Social workers have a responsibility of the law. The Equality Act 2010, The Disability Discrimination Act 1995 and the Human Rights Act 1998 are pieces of legislation which a social worker is able to use to address issues of discrimination, including disability, sex, race and religion when services are withheld.

Dominelli suggests oppression involves something which divides people into dominant or superior group and subordinate or inferior ones, this can result in the views and contribution of the oppressed being seen as invalid and the movements of the oppressed are often controlled by the dominate party.

To address oppression the social worker must work in an anti-oppression way which rejects oppression and the way in which it disables individuals. Anti-oppressive practice holds the view each individual, group or community are diverse, equal and able to achieve their full potential and create social inclusion. To achieve social inclusion the social worker must work in partnership alongside the service user, family, local community and with organisations who are able to provide support, address highlighted needs from a clear assessment process in a holistic manner to empower them using strength based practise. The social worker also needs to create a clear plan with agreed objectives and time scales within a person centred framework with regular reviews.

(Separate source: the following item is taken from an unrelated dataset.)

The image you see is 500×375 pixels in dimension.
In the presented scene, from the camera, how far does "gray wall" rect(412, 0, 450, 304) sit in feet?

Dalrymple and Burke 2006 state:

Anti-oppressive practice is based on the belief that social work should make a difference so that those who have been oppressed may regain control of their lives and re-establish their right to be full and active members of society.

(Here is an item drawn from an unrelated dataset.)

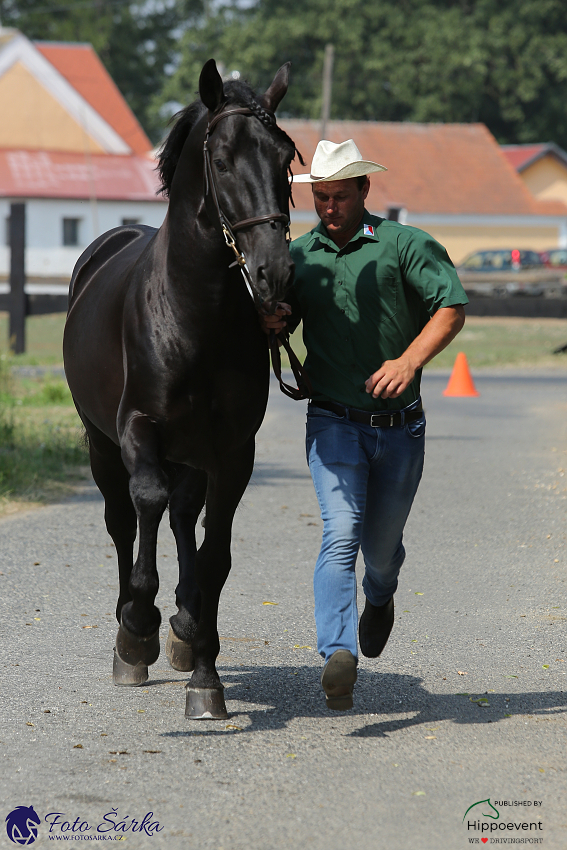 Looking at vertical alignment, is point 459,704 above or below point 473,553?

While promoting anti-oppressive practice it is important the social workers do not become accepting of any issues they continually deal with as there is a risk of seeing these issues as the norm when dealing with issues over a long period of time. Thompson also states the social worker must be aware of the power which can be held within the role and do not use this inappropriately when dealing with individuals who can be seen as being disadvantaged by their lack of power. The social worker must also ensure they do not reinforce any stereotypes or discriminatory roles such as people with a disability are unable to make choices for themselves or all women are responsible for childcare.

As can be seen there are issues which affect Wales, as part of it role the welsh Government has created specific strategies to deal with the economic and social issues which affect Wales, such as The Welsh Government document Tackling Poverty Action Plan 2012-2016 which outlines how the Assembly aim to tackle the issue of poverty. The plan has 3 main areas prevention, helping people into work and Mitigating the impact of poverty. It is the role of the social worker to implement some parts of these strategies and instigate social change by empowering service users. The role of social work within Wales is continually evolving due to changes in Government policy and social change, with the promise of further powers for the Welsh Government the future holds possible further changes to the role.